Soil TOC depends on the balance between organic C input and output (Mack et al. 2004). In the present study, low and moderate N addition increased plant productivity, leading to increased organic matter inputs to soils, and hence increased soil TOC concentration (Zak et al. 1994). Moreover, N addition may enhance soil organic matter quality (low C/N ratio) (Song et al. 2011) and improve soil microbial utilization efficiency (low qCO2 and qmC) (Fig. 4), and thus decreased soil organic C mineralization (Fig. 3). In addition, the decrease in soil TOC concentration under high N addition level may be related to the following mechanisms. First, high N addition rates may exceed the N-demand of plants, and lead to N-saturation in freshwater marshes (McNulty et al. 1996). Actually, Liu and Song (2008) found no significant difference in aboveground biomass among low, moderate and high N addition treatments. Second, according to the resource optimization hypothesis, increased N availability generally alters plant allocation between shoots and roots, and decreases root biomass (Ågren and Franklin 2003). High N addition level may decrease root biomass and reduce belowground C input to the soil in this freshwater marsh. Third, high N addition level may increase soil dissolved organic C leaching (Treseder 2008). Since soil dissolved organic C is very critical in controlling C accumulation in soils (Bolan et al. 2011), increased dissolved organic C outputs would cause a decline in soil TOC.

In this study, N addition caused a change in soil MBC in freshwater marsh ecosystems, and the effect varied with N addition levels. However, Treseder (2008) reviewed the effect of N enrichment on soil microbial biomass and found that soil microbial biomass declined 15 % on average under N addition. Compared to CK treatment, a greater soil MBC under low N addition level may be due to the increased litter production and thus soil organic C input (Zak et al. 1994). However, greater N loads may lead to the soil acidification by nitrification (Li et al. 2010), N toxicity (Treseder 2008) and reduced belowground C sources (Bowden et al. 2004; Mo et al. 2008). Therefore, soil MBC did not change at moderate N addition level, and even declined at high N addition level, although there were increases in plant litter production. Moreover, the decrease of soil MBC/TOC with increased N addition rates suggests that, increased N inputs declines soil C availability in wetland ecosystems.

N addition decreased soil organic C mineralization, and substantially altered soil qCO2 and qmC in freshwater marshes.

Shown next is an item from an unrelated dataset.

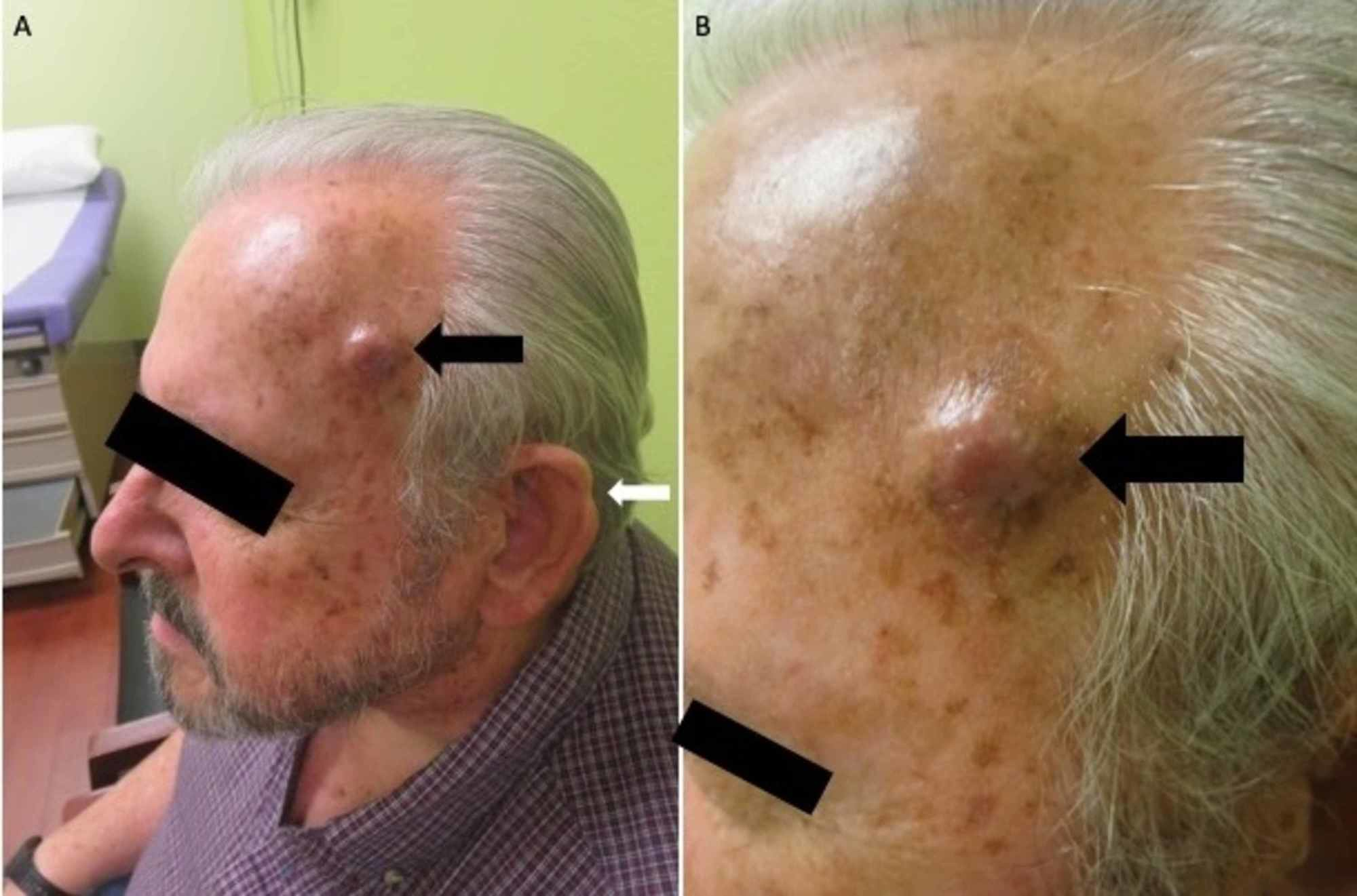Cureus Metastatic Squamous Cell Carcinoma A Cautionary Tale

Treseder (2008) also observed that N addition could decrease soil CO2 emission due to reduced microbial biomass. Interestingly, N addition decreased soil organic C mineralization at low and moderate N addition levels, although there was no reduction in soil MBC. At low and moderate N addition rates, decreased soil organic C mineralization may be caused by the increased soil microbial C-utilization efficiency (low qCO2 and qmC) (Mao et al. 2010), resulting from the enhanced quality of soil organic matter input (low C/N ratio) (Song et al. 2011). At high N addition rate, reduced soil microbial biomass may be responsible for the decline in soil organic C mineralization (Treseder 2008). In addition, an increase in soil qCO2 may be explained by the increased stress induced by high N addition and decreased C use efficiency for growth by soil microorganisms (Fisk and Fahey 2001).

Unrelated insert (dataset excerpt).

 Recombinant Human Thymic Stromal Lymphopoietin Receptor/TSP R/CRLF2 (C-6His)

In conclusion, N addition over 4 years have altered litter production, soil TOC concentration, MBC, organic C mineralization, qCO2 and qmC in freshwater marshes of Northeast China. Both low and moderate N addition increased soil TOC concentration and MBC, and decreased soil qCO2 and qmC, whereas high N addition had reverse effects on soil TOC, MBC and qCO2. Moreover, N addition increased litter production, and decreased soil organic C mineralization, irrespective of N fertilization rates. These results suggest that short-term N addition alters soil organic C dynamics in wetland ecosystems of Northeast China, and the effects vary with N addition rates.